Benim burada ne işim var
* Son zamanlarda sizi en çok ne mutlu ediyor?
- Mutluluk, benim için hiçbir zaman önemli olmadı. Anların tadını çıkarmak önemli. Mutlu olmak abartılan, mitolojik hale getirilen bir şey. “İnsanlar mutlu olmak için âşık olmazlar, aşk bir kaçınılmazlıktır” diyor romanda Vylea. Bence duygular ve değerler konusunda bize öğretilen şeyleri yeniden gözden geçirmeliyiz.

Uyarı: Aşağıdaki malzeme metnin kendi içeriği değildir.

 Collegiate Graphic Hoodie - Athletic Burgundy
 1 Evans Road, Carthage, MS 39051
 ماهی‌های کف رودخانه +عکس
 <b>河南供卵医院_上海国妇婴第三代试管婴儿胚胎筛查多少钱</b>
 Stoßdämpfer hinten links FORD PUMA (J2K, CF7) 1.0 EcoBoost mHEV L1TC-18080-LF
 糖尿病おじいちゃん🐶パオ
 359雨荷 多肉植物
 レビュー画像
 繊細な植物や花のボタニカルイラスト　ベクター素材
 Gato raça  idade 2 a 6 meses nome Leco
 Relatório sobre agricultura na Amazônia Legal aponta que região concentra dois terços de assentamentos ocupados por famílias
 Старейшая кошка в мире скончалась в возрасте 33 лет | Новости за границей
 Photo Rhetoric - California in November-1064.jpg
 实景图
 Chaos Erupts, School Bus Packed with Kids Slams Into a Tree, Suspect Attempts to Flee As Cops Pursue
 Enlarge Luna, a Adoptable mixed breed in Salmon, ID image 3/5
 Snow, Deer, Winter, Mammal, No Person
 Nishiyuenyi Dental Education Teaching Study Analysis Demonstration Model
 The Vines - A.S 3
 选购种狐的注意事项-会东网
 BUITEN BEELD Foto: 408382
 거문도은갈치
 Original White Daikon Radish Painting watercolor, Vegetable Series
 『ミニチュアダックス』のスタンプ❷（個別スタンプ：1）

* Romanda en bayıldığım kavramlardan biri, “Benim burada ne işim var?” hissi...
- Zaman zaman hepimizin kapıldığı bir his. Roman da bu zaten, adını koyamadığımız şeylere ad koyma sanatı. Birçok yere sosyal nedenlere gideriz ve hep içinde şu cümle yankılanır: “Benim burada ne işim var?”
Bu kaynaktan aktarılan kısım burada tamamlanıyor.